Your assignment: Going through the entries, how many lines include the string "Street"? Answer only with the number.

Short descriptive text snippets
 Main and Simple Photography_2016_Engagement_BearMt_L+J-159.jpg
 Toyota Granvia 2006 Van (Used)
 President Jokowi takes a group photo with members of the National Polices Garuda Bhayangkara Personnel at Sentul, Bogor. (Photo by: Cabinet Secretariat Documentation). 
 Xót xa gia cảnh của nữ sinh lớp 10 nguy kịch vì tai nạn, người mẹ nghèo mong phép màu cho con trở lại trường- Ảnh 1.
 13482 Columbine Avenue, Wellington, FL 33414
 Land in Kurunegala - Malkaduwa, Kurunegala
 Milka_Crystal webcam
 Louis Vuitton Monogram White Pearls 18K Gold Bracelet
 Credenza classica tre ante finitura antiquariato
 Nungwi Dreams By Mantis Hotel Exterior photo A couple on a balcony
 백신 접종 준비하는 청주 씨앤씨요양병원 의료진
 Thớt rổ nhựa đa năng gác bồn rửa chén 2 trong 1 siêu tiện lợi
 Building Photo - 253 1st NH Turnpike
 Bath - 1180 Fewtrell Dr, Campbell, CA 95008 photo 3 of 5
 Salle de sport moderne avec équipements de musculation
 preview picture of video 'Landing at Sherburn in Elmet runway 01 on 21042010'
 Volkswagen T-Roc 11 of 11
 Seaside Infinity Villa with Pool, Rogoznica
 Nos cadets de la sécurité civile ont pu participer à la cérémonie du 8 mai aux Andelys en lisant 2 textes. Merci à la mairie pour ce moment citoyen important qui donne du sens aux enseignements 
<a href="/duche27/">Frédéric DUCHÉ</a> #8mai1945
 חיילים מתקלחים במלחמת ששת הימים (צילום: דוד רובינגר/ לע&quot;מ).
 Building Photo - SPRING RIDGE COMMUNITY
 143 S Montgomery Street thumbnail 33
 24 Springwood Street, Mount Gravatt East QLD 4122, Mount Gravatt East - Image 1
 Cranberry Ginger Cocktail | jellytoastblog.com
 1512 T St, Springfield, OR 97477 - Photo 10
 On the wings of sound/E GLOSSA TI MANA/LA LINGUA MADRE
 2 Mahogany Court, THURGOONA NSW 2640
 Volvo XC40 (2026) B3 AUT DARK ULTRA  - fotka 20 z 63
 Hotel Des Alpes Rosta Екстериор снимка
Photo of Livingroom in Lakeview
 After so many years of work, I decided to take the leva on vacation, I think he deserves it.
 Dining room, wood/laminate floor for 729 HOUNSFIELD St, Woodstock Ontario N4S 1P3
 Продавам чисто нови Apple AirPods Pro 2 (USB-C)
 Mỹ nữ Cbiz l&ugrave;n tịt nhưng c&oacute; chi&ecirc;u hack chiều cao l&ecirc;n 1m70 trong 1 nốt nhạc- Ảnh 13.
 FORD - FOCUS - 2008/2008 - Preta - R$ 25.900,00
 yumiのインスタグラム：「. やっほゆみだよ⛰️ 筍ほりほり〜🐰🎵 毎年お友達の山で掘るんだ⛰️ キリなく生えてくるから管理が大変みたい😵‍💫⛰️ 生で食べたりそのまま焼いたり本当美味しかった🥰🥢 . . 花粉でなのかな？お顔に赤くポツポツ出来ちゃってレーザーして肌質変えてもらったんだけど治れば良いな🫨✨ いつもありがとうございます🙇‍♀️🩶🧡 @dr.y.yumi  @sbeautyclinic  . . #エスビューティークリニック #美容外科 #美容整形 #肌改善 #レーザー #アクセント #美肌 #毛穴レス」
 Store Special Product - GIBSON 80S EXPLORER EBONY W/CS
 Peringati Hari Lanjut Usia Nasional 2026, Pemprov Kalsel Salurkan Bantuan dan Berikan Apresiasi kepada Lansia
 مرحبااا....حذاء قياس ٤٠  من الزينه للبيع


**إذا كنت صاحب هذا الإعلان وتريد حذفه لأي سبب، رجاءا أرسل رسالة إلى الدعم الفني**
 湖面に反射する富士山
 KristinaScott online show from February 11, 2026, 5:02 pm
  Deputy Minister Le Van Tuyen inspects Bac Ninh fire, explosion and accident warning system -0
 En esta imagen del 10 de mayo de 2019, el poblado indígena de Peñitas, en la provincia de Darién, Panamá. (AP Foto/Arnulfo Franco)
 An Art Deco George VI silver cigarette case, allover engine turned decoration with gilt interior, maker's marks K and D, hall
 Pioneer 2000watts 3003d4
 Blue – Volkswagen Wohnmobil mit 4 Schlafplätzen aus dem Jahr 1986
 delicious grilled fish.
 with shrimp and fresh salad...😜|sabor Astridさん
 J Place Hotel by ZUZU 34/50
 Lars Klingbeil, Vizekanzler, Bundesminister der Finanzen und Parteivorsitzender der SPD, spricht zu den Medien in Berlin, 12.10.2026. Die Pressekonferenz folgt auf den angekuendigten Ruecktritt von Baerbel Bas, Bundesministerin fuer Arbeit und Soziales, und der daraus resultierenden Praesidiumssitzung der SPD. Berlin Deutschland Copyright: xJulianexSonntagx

Your solution: 2